#### [The problem]
Check every line below for the word "Samsung" and copy the ones that have it.

#### [Materials provided]
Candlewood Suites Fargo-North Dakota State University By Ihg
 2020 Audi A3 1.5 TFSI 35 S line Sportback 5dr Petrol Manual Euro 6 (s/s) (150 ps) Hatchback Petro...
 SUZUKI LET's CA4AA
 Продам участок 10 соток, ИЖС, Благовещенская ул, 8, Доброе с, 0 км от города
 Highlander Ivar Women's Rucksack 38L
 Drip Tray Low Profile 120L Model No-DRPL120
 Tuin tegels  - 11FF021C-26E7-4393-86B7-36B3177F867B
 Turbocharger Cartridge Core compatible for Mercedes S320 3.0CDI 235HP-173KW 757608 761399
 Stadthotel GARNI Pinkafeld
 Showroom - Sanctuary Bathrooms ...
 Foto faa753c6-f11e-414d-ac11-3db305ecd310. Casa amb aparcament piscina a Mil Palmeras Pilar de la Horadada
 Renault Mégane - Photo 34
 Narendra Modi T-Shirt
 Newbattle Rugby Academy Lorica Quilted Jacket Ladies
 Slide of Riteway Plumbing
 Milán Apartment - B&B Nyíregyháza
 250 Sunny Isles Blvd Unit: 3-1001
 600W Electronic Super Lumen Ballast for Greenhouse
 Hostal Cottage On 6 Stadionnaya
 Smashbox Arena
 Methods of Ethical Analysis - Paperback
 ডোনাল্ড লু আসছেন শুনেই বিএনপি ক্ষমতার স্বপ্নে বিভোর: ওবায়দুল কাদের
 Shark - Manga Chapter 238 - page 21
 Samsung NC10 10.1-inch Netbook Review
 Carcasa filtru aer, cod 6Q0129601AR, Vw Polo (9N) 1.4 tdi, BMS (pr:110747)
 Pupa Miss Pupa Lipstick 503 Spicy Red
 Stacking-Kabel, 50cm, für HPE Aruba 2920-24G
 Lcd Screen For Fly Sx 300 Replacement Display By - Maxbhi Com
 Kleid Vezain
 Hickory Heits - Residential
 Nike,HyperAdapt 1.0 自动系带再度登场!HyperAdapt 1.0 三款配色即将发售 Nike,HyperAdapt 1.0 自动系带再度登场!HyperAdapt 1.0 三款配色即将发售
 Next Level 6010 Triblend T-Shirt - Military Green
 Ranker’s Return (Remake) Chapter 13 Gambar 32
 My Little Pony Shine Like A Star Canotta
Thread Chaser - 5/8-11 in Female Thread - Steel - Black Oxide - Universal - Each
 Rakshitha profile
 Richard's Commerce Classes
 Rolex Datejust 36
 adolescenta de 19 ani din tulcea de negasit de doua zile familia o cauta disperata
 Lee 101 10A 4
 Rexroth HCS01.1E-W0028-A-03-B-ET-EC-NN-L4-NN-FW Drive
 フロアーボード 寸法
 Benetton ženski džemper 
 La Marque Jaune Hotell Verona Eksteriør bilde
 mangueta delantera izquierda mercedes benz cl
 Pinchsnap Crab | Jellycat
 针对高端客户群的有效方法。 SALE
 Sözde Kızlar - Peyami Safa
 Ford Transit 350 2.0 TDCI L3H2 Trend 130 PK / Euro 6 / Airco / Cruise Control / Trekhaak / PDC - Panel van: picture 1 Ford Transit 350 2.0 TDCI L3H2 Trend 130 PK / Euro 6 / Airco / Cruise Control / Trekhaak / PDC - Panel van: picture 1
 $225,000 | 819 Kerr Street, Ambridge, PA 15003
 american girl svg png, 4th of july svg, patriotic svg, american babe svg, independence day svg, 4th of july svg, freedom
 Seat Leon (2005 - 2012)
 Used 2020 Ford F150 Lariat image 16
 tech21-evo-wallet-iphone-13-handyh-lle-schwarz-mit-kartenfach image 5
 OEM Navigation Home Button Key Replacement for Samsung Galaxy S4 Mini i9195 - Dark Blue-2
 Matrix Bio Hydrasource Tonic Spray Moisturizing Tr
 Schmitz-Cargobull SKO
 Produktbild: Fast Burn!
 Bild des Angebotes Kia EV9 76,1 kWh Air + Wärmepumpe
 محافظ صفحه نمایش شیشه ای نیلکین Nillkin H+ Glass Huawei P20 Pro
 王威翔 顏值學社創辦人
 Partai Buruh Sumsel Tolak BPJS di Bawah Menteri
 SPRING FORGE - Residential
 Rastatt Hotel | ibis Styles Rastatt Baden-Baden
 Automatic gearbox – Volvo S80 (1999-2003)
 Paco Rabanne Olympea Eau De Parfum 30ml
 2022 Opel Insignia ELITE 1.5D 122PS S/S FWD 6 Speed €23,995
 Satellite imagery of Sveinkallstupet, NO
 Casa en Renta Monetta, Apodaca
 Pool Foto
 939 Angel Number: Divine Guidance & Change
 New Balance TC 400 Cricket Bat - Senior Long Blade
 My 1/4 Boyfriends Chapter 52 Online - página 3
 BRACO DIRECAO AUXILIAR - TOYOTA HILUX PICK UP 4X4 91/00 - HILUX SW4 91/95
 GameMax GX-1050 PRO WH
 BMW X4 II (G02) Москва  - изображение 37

#### [Solution to this exercise]
 Samsung NC10 10.1-inch Netbook Review
 OEM Navigation Home Button Key Replacement for Samsung Galaxy S4 Mini i9195 - Dark Blue-2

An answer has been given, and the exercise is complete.